To keep the algorithm suitable for general use, I thought I'd go with a thread count equal to the number of CPU cores available on the machine it was run on. For example, I do my development on a 6-core MacBook Pro, and thus felt the algorithm should run with six threads on my machine.

However, reading some online articles and discussions about this I quickly learned that the question of optimal number of threads isn't quite this straightforward. I'm definitely still no expert in threading but as far as I understood it, each core can run two threads, and thus a number bigger than the number of cores can (sometimes) perform better. I didn't dive too deep into the hardware details before starting to write the actual implementation, and it turned out Java has a built-in method for getting the number of available processors that seemed very promising, Runtime.getRuntime().availableProcessors(). I decided to at least start with that.

The needed changes

As my original algorithm implementation used a single solver class with the search progress stored in instance variables, they were actually global variables from the algorithm's standpoint. That didn't enable parallelism very well so I had to figure out how to divide the search into independent parts.

I picked an approach that was rather simple to implement but should still provide pretty good performance improvements: I decided to run the search from each starting point in a separate thread. That way each thread could start with basically an empty game board and no complex search state would need to be copied when starting a new thread. The only bigger downside of this approach that I can think of is that it only uses as many threads as there are unique starting points, and for smaller boards that can be less than what the machine could efficiently handle; then again, both a 5×5 board and a 6×6 board already have 6 unique starting points which is the number of cores on my machine. I don't know if using more threads would make the search faster or slower but making the algorithm actually able to use more would take considerably more effort, so this seemed like a good approach — again, at least to start with.

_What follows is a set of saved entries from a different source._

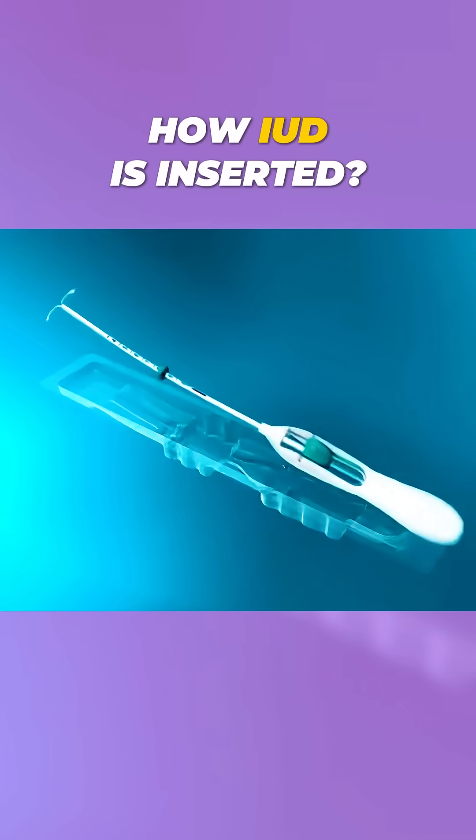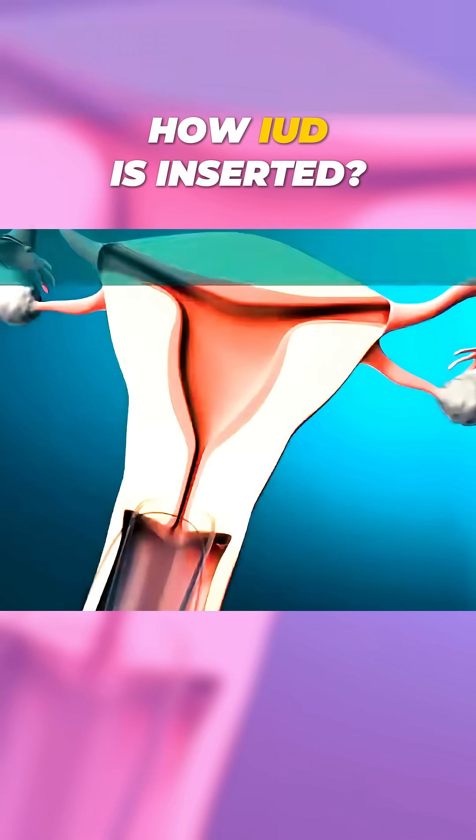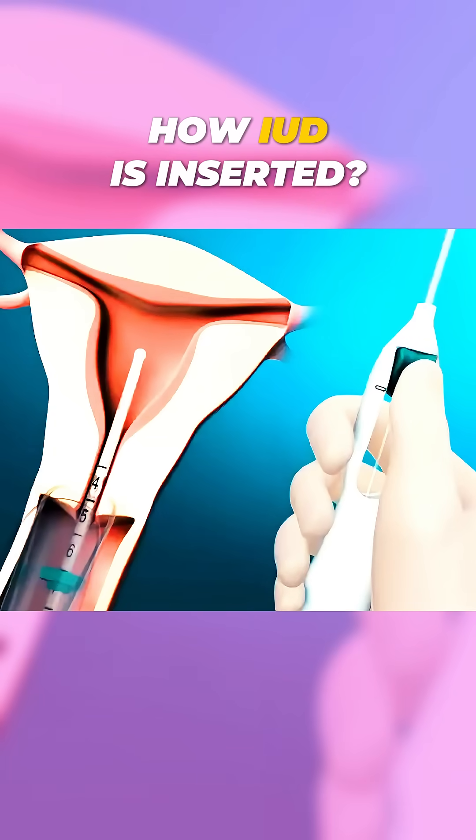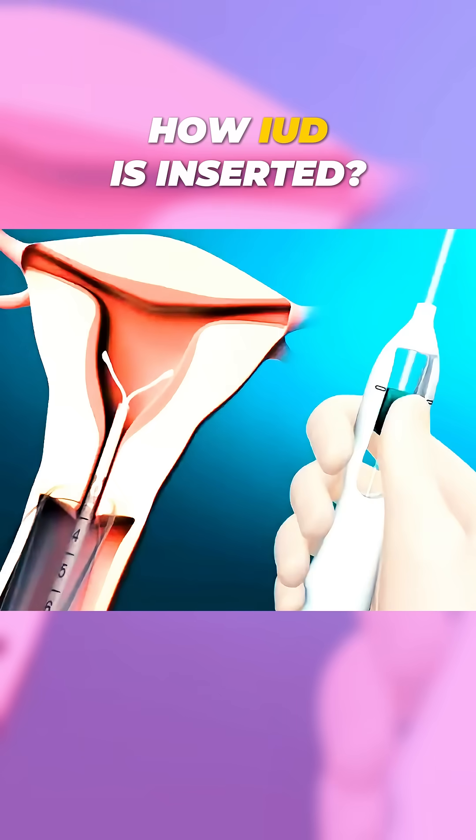The IUD is preloaded into a sterile inserter. The doctor then carefully inserts this device through the cervix into the uterus. Once in place, the IUD is released, and the inserter is gently removed.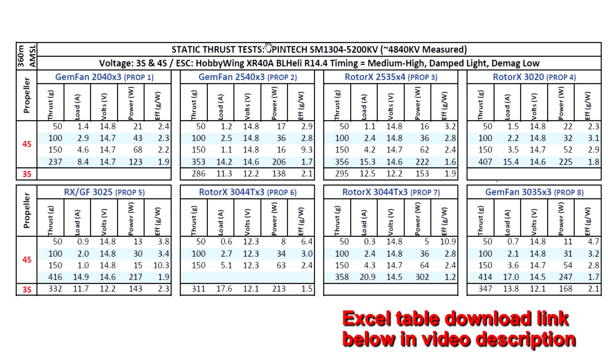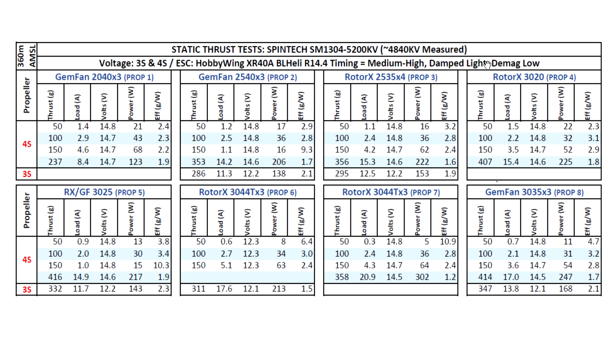Let's have a quick look at the thrust test results for the Spintech SM1304 5200kV. This one came in at a slightly lower 4840kV as measured by my thrust stand — fairly close for this size motor. I went ahead and tested on 3S and 4S with some of the usual props for these size motors. I threw in a 2-inch prop, which is probably not a good match — too small. This motor has mainly been designed for 2.5 and 3-inch props.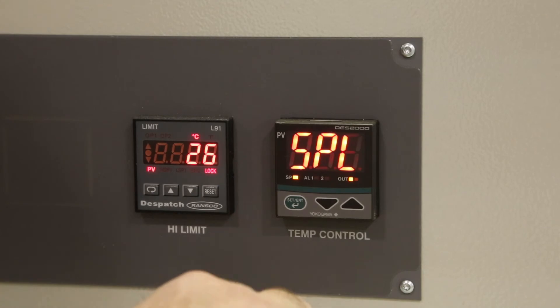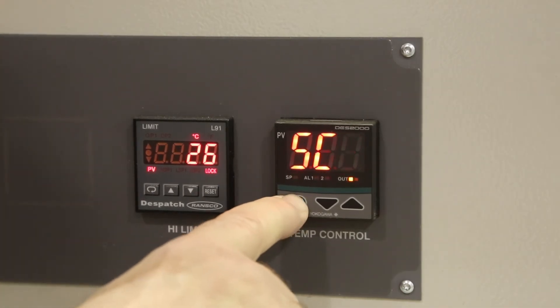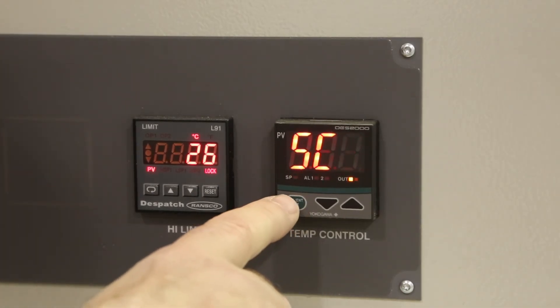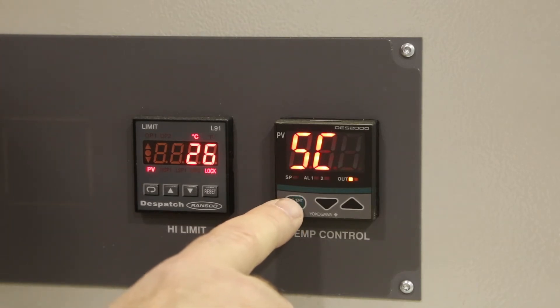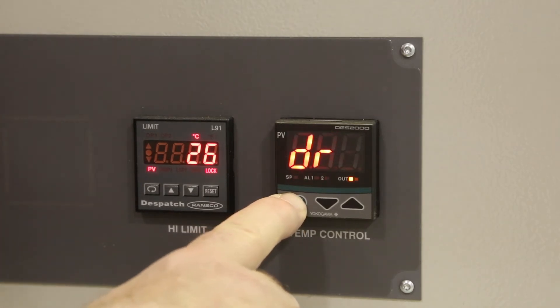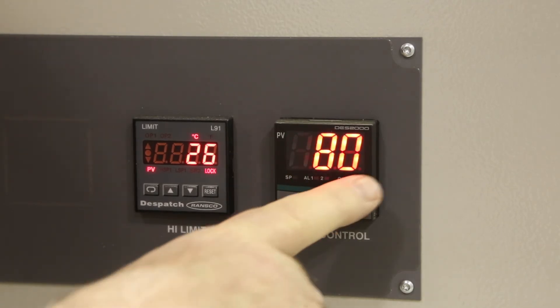Press the green button until you see SC. The rest of the values are unimportant at this point and we can return to normal operation. Press and hold the green button, which will take you back to the set point and will show the current temperature of the oven.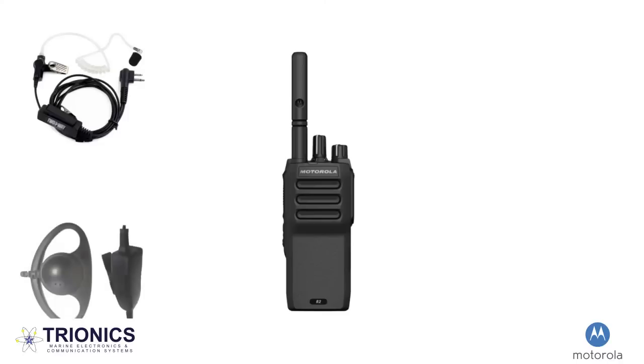The de-shell earpiece is a great option for those working in construction or more rugged environments. This durable option wraps around the ear to secure for more movement and shifting.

With this approach picked out, the actual implementation was eventually very easy to do. Creating a thread pool was as simple as calling Executors.newWorkStealingPool(), a method that uses the number of available processors – the exact value that I'd thought I'd use – as the parallelism value by default. The biggest task was to create a new solver class that only finds the solutions from one given starting position and uses its own internal state for the search, but that was also rather straightforward and easy. Then I only made that class runnable by a thread, and was done with the whole change.

The results

So, I ended up with an algorithm that uses 6 parallel search threads for finding the solutions from different starting points, after which the rotation and mirroring of those solutions is done in the main thread. I had kind of hoped this would cut the running time of the algorithm to perhaps one fifth (with 6 threads) of what it was before the change. I guess that wasn't really a realistic goal, but I was anyway slightly disappointed by the results. I ran the algorithm several times for a 6×6 board, and the running times were between 47 and 55 seconds. So, about one third of what they were before this latest change.

Even if that's not as good as I had expected, I should probably still be quite happy about that; it's still another ~65% performance improvement to the previous round, and compared to the original naive algorithm, I have now shaved off almost 97% of the running time.